* PROBLEM DESCRIPTION
Wherever a line of the listing holds the string "Pink", copy that line.

[[ DATA IN THIS EXERCISE open ]]

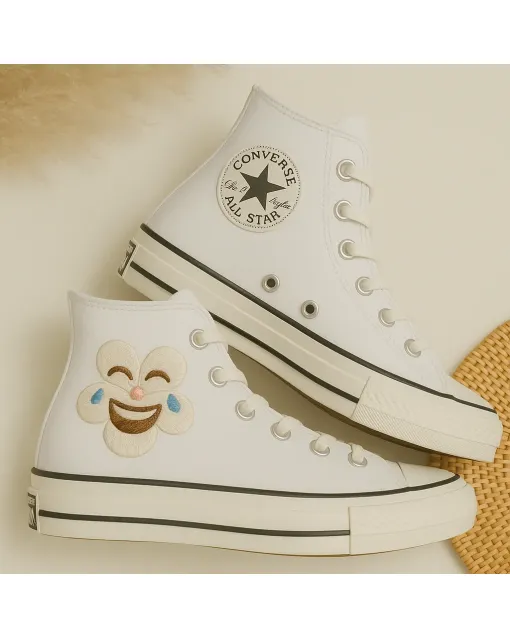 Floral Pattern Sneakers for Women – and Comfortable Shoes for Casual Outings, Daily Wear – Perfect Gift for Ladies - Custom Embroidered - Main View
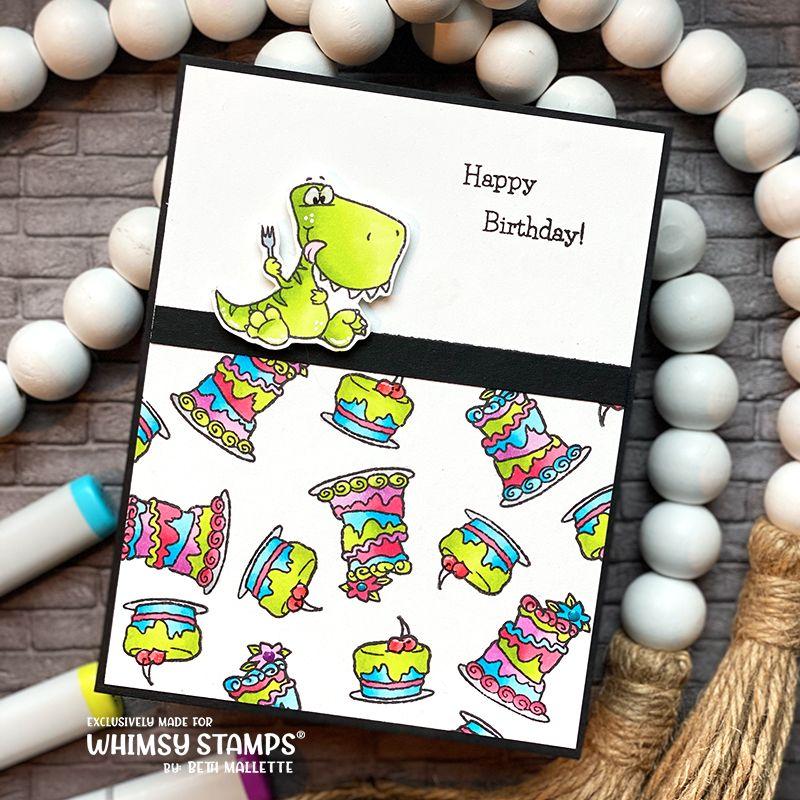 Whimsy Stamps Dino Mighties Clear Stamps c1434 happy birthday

[[ DATA IN THIS EXERCISE closed ]]
[[ DATA IN THIS EXERCISE open ]]

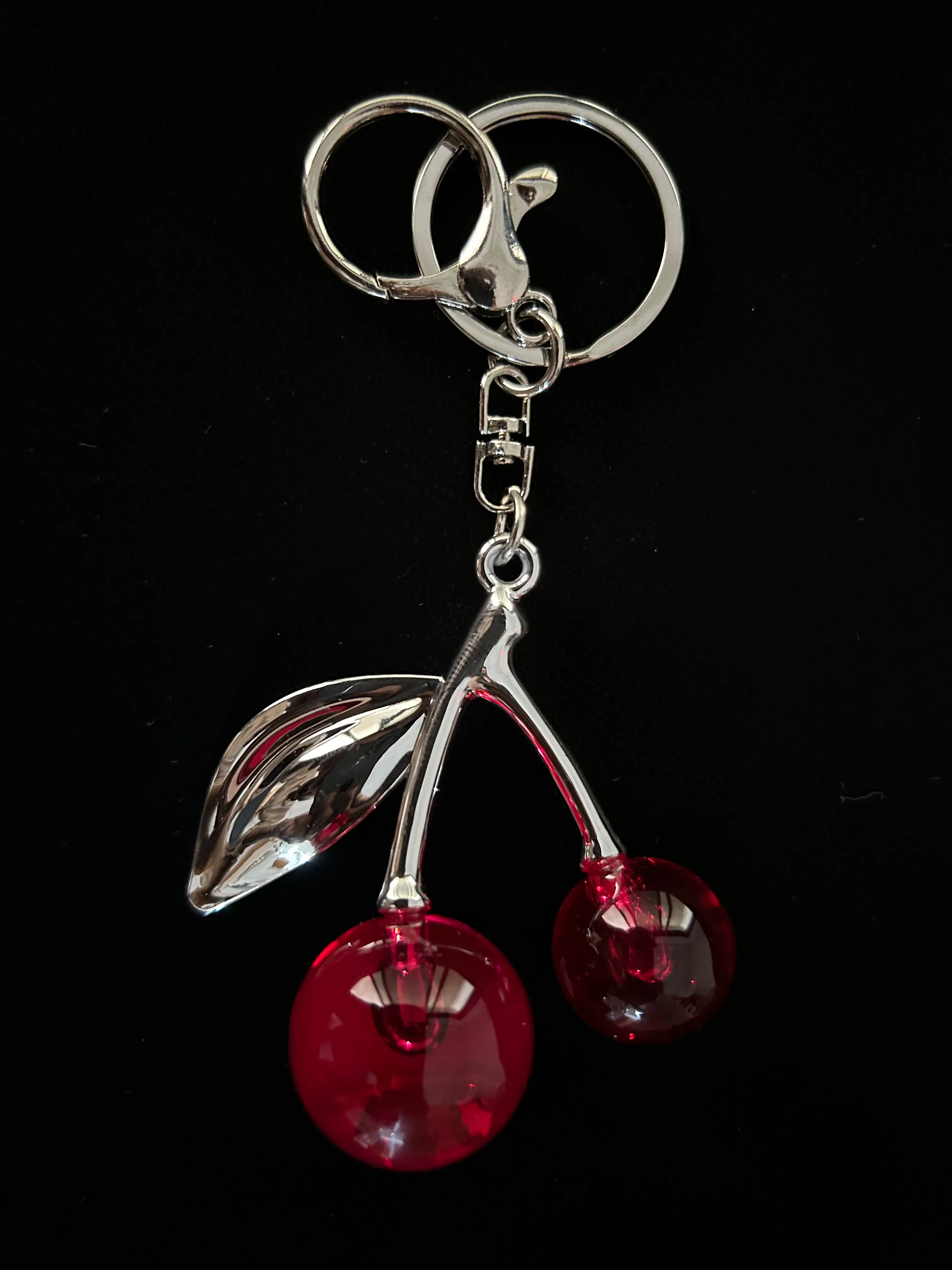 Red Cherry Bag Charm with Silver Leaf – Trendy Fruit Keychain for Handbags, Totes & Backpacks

[[ DATA IN THIS EXERCISE closed ]]
[[ DATA IN THIS EXERCISE open ]]

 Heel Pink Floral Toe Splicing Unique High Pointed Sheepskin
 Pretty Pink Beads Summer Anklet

[[ DATA IN THIS EXERCISE closed ]]

* EXERCISE RESULT
 Heel Pink Floral Toe Splicing Unique High Pointed Sheepskin
 Pretty Pink Beads Summer Anklet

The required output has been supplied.